Warren Resources, Inc.,
1114 Avenue of the Americas
34th Floor
New York, NY 10036
(212) 697-9660
September 13, 2011
BY EDGAR AND MESSENGER
Mr. Karl Hiller, Branch Chief
U.S. Securities and Exchange Commission
Division of Corporation Finance
Washington, D.C. 20549
Attn: Ms. Jennifer O’Brien
Re: Warren Resources, Inc., Form 10-K for the Fiscal Year Ended December 31, 2010, File No. 000-33275
Dear Mr. Hiller:
On behalf of Warren Resources, Inc. (the “Company” or “Warren”), this letter responds to the Securities and Exchange Commission staff’s (“Staff’s”) letter dated September 1, 2011 with comments to the Company’s Form 10-K for the fiscal year ended December 31, 2010, File No. 000-33275. The following responses are keyed to the Staff’s comments. We have discussed the Staff comments and these responses with the chairman of the Audit Committee of our Board of Directors, as well as with our independent consulting petroleum engineers, Williamson Petroleum Consultants, Inc. (“WPCI”).
Based on our review of the Staff comment letter, and as further described herein, we are submitting a revised report prepared by WPCI. Also, based on our review of the comment letter, and as reflected in our responses below, we believe that our filed Form 10-K for 2010 is materially correct, clear and consistent with industry practice as confirmed by a review of filings made by a number of other exploration and production companies. Therefore, we request that no amendment to our existing filing be required provided that we include the expanded disclosure described below in our Form 10-K for the year ending December 31, 2011, and in other future filings.

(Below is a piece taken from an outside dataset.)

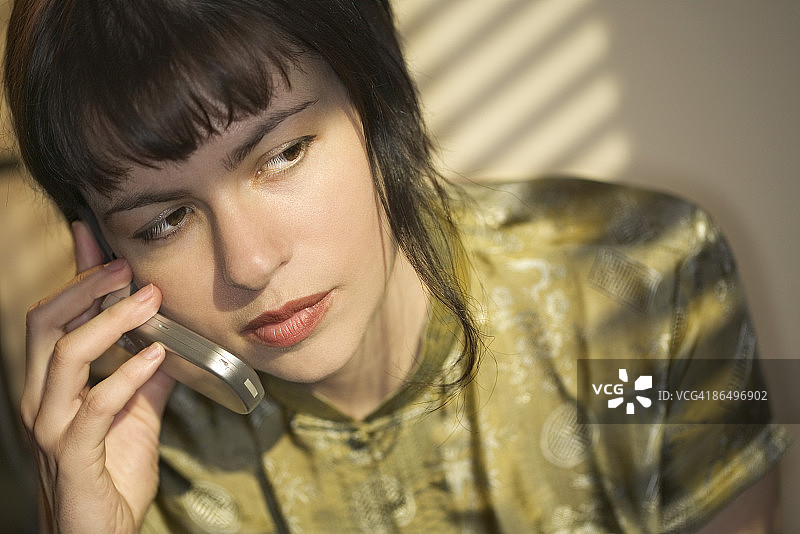 拿着手机的女人图片素材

We respectfully request an opportunity to discuss this response letter further with the Staff if, following a review of this information, the Staff does not concur with our analysis. We would be happy to provide representatives of WPCI for any such discussions and to meet with the Staff in person if the Staff believes this would be helpful to resolving the Staff’s comments.
In connection with our responses to the Staff’s comments, the Company acknowledges the following positions of the Commission:
· the Company is responsible for the adequacy and accuracy of the disclosure in the Company’s filings;
· Staff comments or changes to disclosure in response to Staff comments do not foreclose the Commission from taking any action with respect to the Company’s filings; and
· the Company may not assert Staff comments as a defense in any proceeding initiated by the Commission or any person under the federal securities laws of the United States.
1
Form 10-K for Fiscal Year Ended December 31, 2010
Reserve Estimation Process, Controls and Technologies, page 9
Comment 1. Please expand your disclosure to include a description of the internal controls used in your reserve estimation effort to comply with Item 1202(a)(7) of Regulation S-K. We expect this would include controls that ensure information taken from third party reports is properly disclosed in your filing. Also disclose the qualifications of your technical person who is primarily responsible for overseeing the preparation of the reserve estimates and accepting the report from Williamson Petroleum Consultants, Inc.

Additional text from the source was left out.